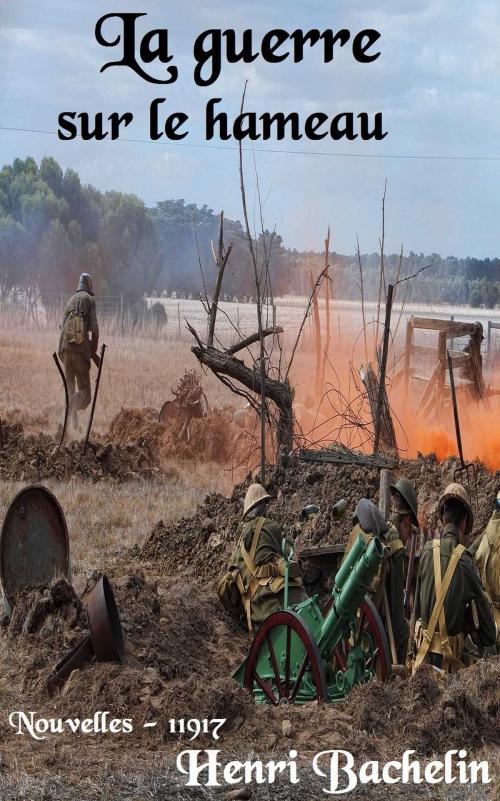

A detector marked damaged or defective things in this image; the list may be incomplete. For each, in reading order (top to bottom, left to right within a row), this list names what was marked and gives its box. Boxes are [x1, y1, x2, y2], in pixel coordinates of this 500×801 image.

rusty metal disc [0, 484, 69, 604]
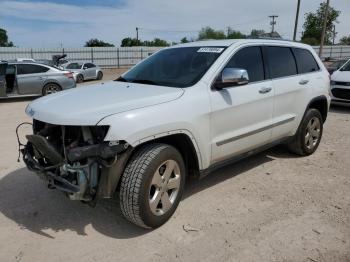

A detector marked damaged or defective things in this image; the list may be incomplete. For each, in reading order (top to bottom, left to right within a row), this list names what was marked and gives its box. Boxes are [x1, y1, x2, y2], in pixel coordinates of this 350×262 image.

damaged hood [26, 80, 185, 125]
damaged front end [18, 119, 130, 204]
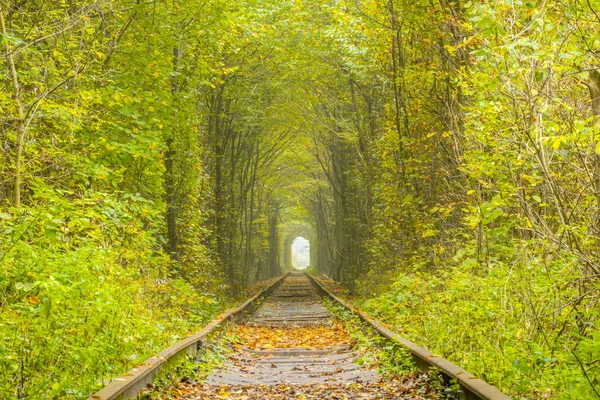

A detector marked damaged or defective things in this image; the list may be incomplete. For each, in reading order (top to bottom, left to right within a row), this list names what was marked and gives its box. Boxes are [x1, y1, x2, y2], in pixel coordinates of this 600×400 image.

rusty rail [86, 274, 288, 400]
rusty rail [310, 272, 510, 400]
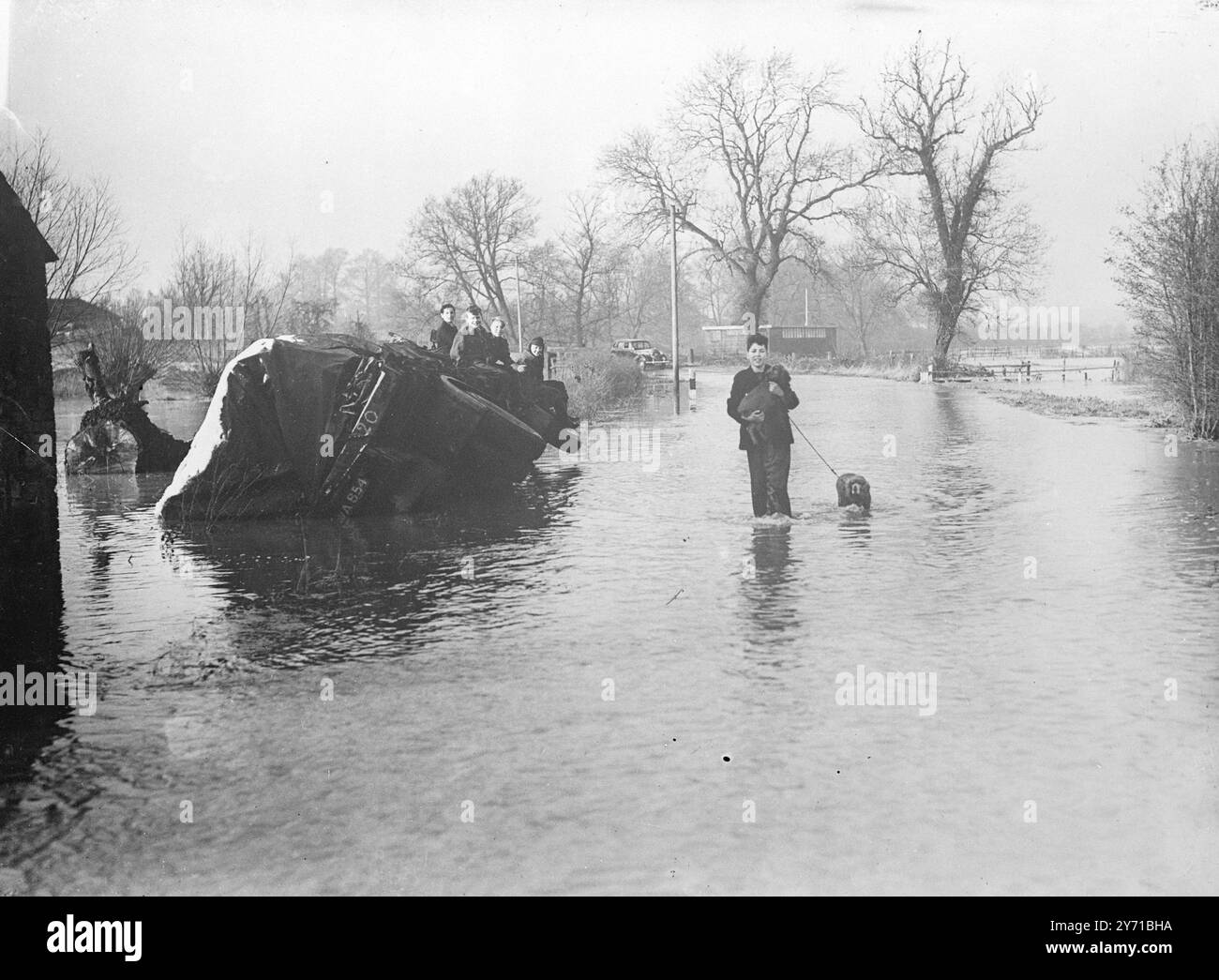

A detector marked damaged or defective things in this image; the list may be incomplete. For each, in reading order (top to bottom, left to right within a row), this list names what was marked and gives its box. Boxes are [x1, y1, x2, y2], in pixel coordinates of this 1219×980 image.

overturned vehicle [156, 336, 574, 525]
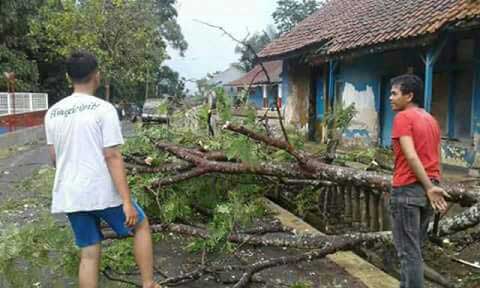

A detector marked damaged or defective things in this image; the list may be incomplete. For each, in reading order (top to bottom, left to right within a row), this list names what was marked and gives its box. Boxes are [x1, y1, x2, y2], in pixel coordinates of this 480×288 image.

damaged house [258, 0, 480, 170]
────────────────────
INSTRUCTIONS TO FOLLOW:
Each line from the one containing "this 1219×980 image." down to the final line of the records above must be reproduced exactly; no pictures go into the copy.

PROBLEM SOLUTION:
A detector marked damaged or defective things in this image; the list may be incomplete. For each, in reading order (top to bottom, left to right within a row), this list names what was marked and gives its box. Boxes are [x1, y1, x2, y2], in pixel coordinates of this 1219×980 image.

overturned vehicle [156, 336, 574, 525]

A detector marked damaged or defective things in this image; the list may be incomplete. For each, in reading order (top to bottom, left to right within a row), this list names what was marked and gives its box. Boxes are [x1, y1, x2, y2], in pixel coordinates of this 480×288 image.

damaged house [258, 0, 480, 170]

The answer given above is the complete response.